Diese verteilen sich folgendermaßen: Die meisten Meldungen gibt es mit 40 Prozent beim Verdacht auf islamistischen Jihadismus, wobei das Spektrum sehr weit sei, sagt Fabris. So ist es für manche schon ein Grund zur Sorge, wenn eine Schülern nach den Sommerferien mit dem Kopftuch in die Schule kommt. Nicht überall handle es sich demnach um Radikalisierung. An zweiter Stelle kämen dann Meldungen zu Rechtsextremismus mit etwa 25 Prozent. "Und dieser Bereich sowie die Themen Antisemitismus, Homophobie und Sexismus sind die letzten zwei Jahre stärker geworden", skizziert Fabris ihre Beobachtungen.

Resilienz bei Jugendlichen stärken

Um es aber gar nicht erst zu Vorfällen kommen zu lassen, will die Stadt Wien nun gemeinsam mit bOJA ab Herbst 2023 ein neues Projekt namens "Wir alle sind Wien" starten – und früher ansetzen. Sogenannte Rolemodels sollen dafür an Schulen entsandt werden, um mit Jugendlichen über Themen wie antimuslimischer Rassismus, Sexismus, Homophobie und Flucht und Migration zu diskutieren. Das verkündete Bildungsstadtrat Christoph Wiederkehr (Neos) am Dienstag bei einem Mediengespräch mit Fabris. "Unser Ziel muss sein, Schulkinder zu erreichen, bevor die Radikalisierung passiert", sagt er. Und das will der Vizebürgermeister unter anderem mit einem muslimischen Seelsorger und einem jüdischen Aktivisten bewerkstelligen. In einer ersten Pilotphase sollen mit diesen zehn Workshops an Berufs- und Mittelschulen stattfinden. Welche Schulen genau ausgewählt werden, ist noch unklar. Die Zielgruppe seien Kinder von zehn bis 17 Jahren.
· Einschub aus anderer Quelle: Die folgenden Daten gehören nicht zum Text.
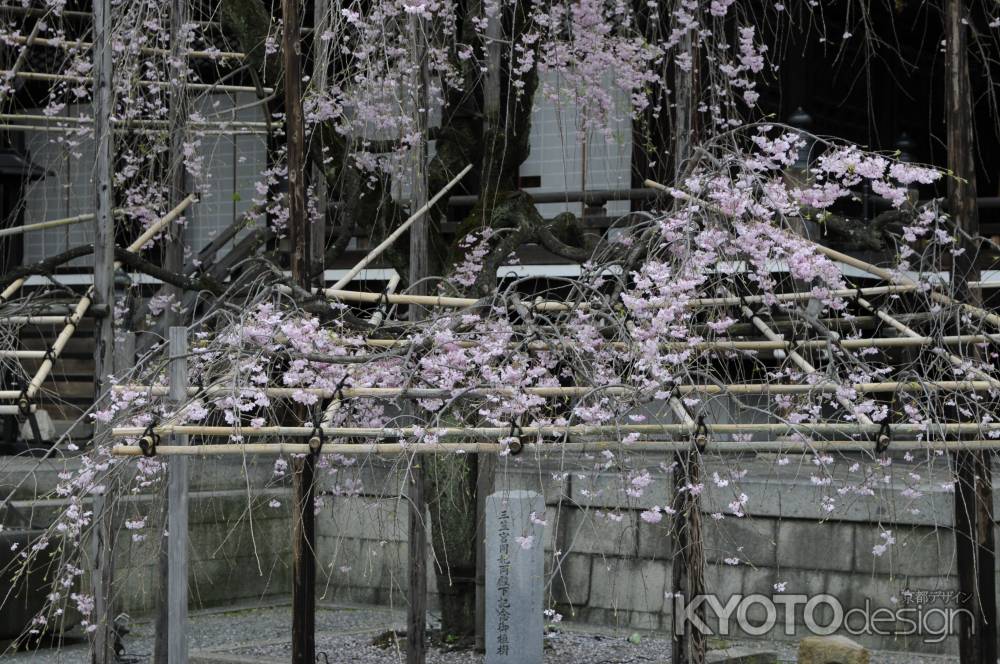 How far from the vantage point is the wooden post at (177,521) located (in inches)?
234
Neben den Workshops schwebt Wiederkehr auch eine Onlinekampagne vor, bei der man auf bekannte Influencer setzt. Mit deren Hilfe sollen Jugendliche über Tiktok, Instagram und Youtube erreicht werden, auch "um die Nachhaltigkeit des Projekts zu sichern". Als Testimonials wurden Influencerinnen wie die Rapperin Schwesta Ebra und das Tiktok-Duo Cop & Che ins Boot geholt, sagt Wiederkehr. 

Empfehlungen von Studie

Was dem Projekt zugrunde liegt, sind Empfehlungen der Studie "Prävention findet Stadt" von Nicolas Stockhammer, die er für die Stadt Wien nach dem Terroranschlag vom November 2020 durchführte. Ein zentraler Punkt: Es brauche eine strukturelle und permanente Integration von alternativen Erzählungen, sodass sich Jugendliche nicht von "Rattenfängern ködern lassen", sagt Stockhammer, der auch bei dem Gespräch vor Ort war. Denn die Sinn- und Identitätssuche sei ein wesentliches Thema bei allen Jugendlichen, und nur mittels Primärprävention könnten diese auch den Weg in eine pluralistische Gesellschaft finden. Er glaubt, dass das Projekt durch die zeitgemäße Ansprache und die Formate einen guten Beitrag dazu leisten könne. 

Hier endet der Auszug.